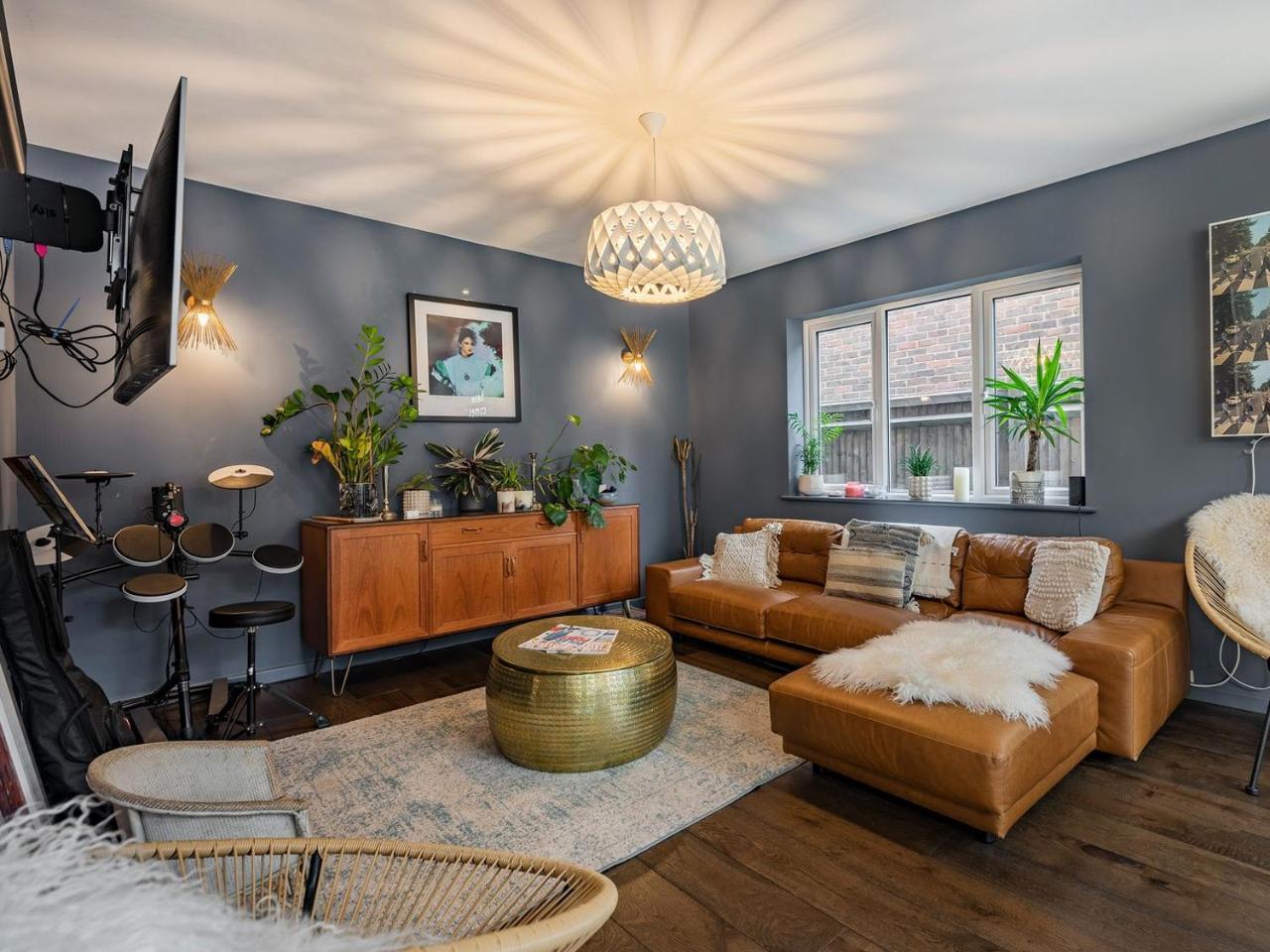 Vallance House — 5-Star Luxury Hotel in Hove, United Kingdom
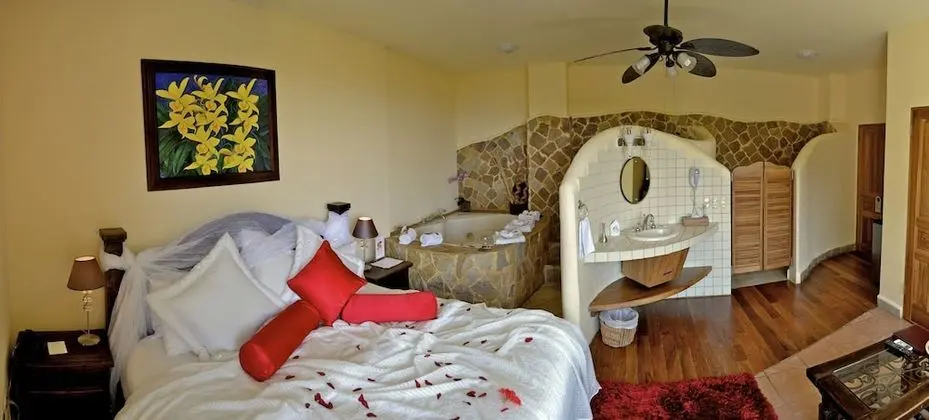 Honeymoon Süit, 1 En Büyük (King) Boy Yatak, Jakuzi, Okyanus Manzaralı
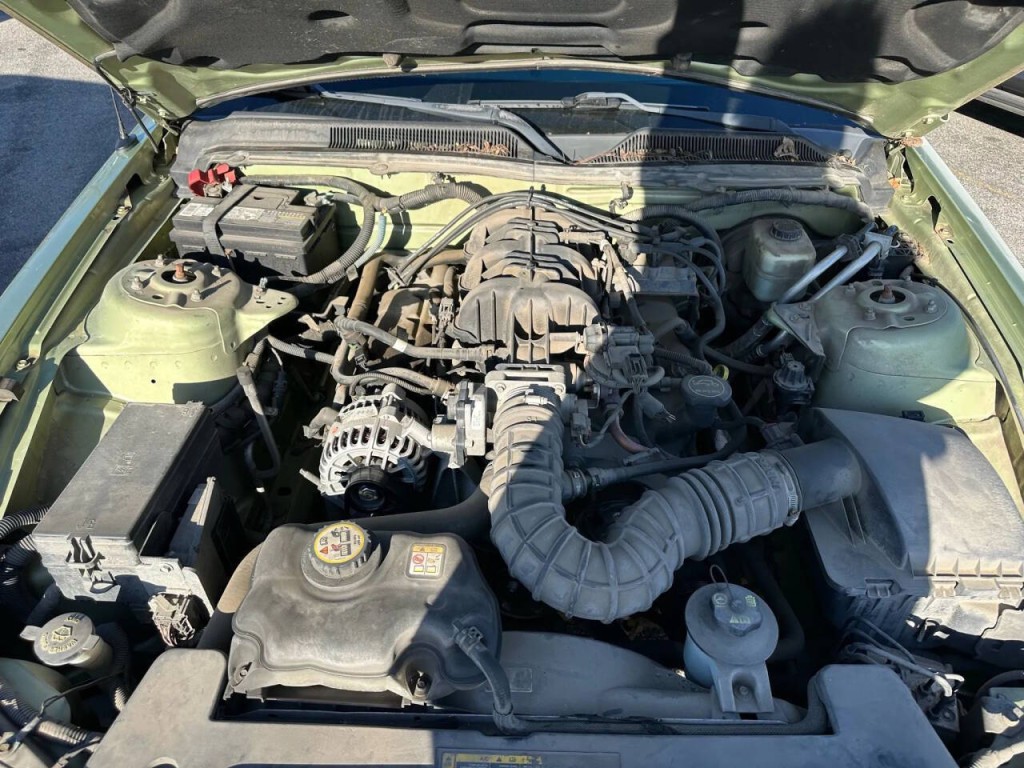 2006 Ford Mustang Image 12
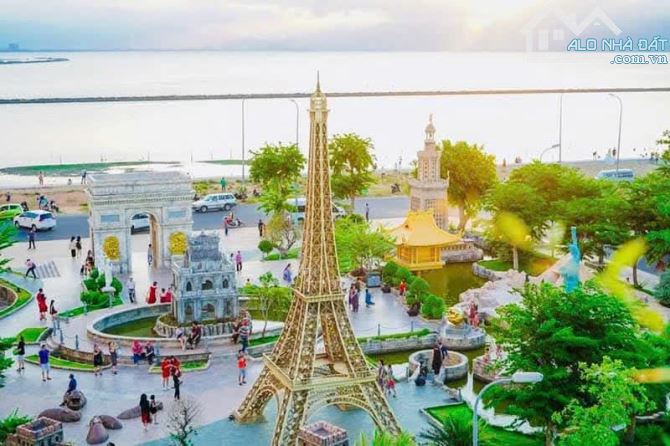 Đất 2 lô liền kề đường Trần Sâm, Sơn Trà, Đà Nẵng. Vị trí có view rất đẹp. Giá đầu tư - 1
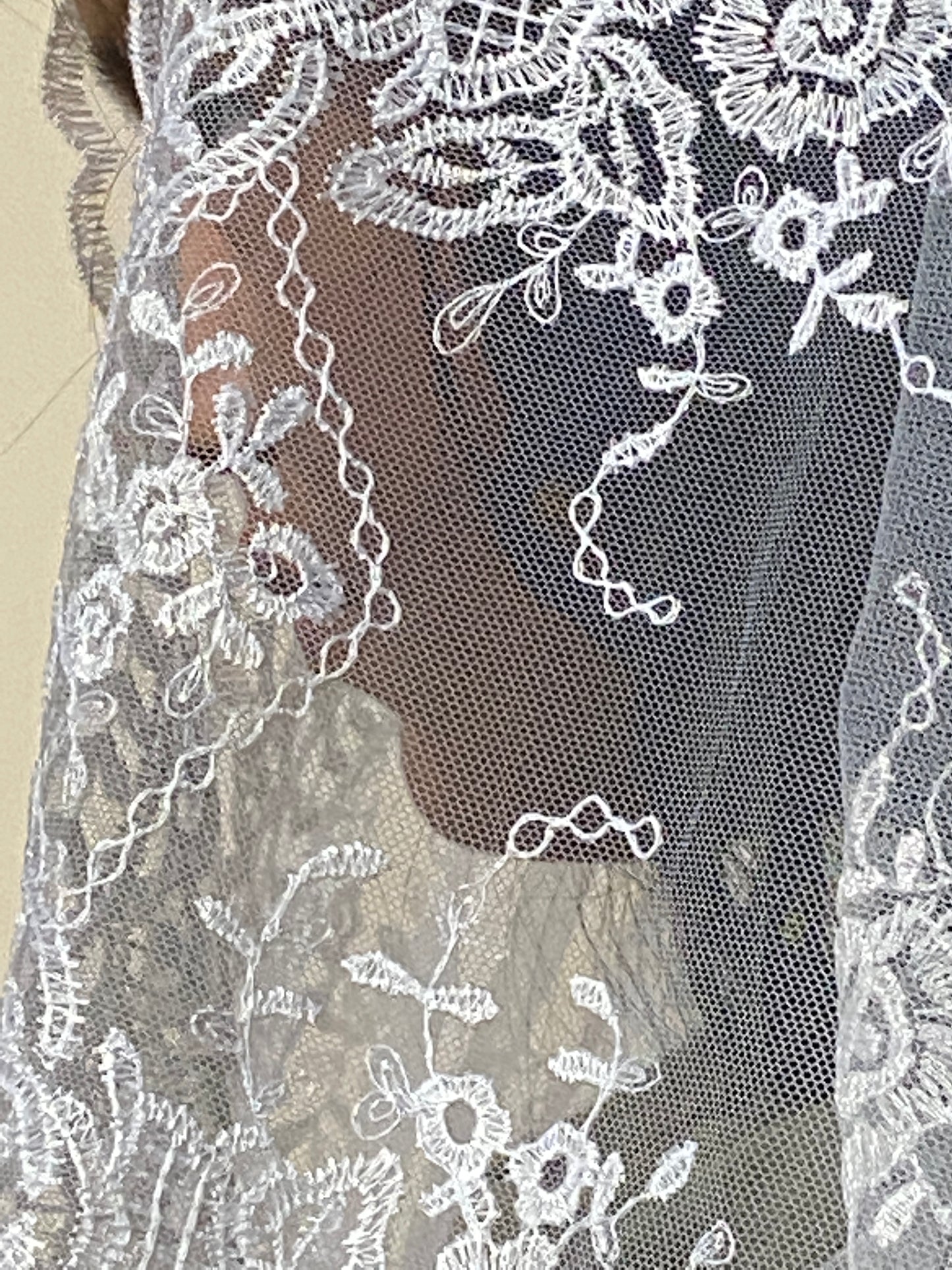 White Abanico Lace Mantilla Chapel Spanish Veil 51" - Unique Catholic Gifts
★ ★ ★ ★
Try it:
The response must consist of the entries above exactly as they stand, minus any pictures.

Answer to the problem:
 Vallance House — 5-Star Luxury Hotel in Hove, United Kingdom
 Honeymoon Süit, 1 En Büyük (King) Boy Yatak, Jakuzi, Okyanus Manzaralı
 2006 Ford Mustang Image 12
 Đất 2 lô liền kề đường Trần Sâm, Sơn Trà, Đà Nẵng. Vị trí có view rất đẹp. Giá đầu tư - 1
 White Abanico Lace Mantilla Chapel Spanish Veil 51" - Unique Catholic Gifts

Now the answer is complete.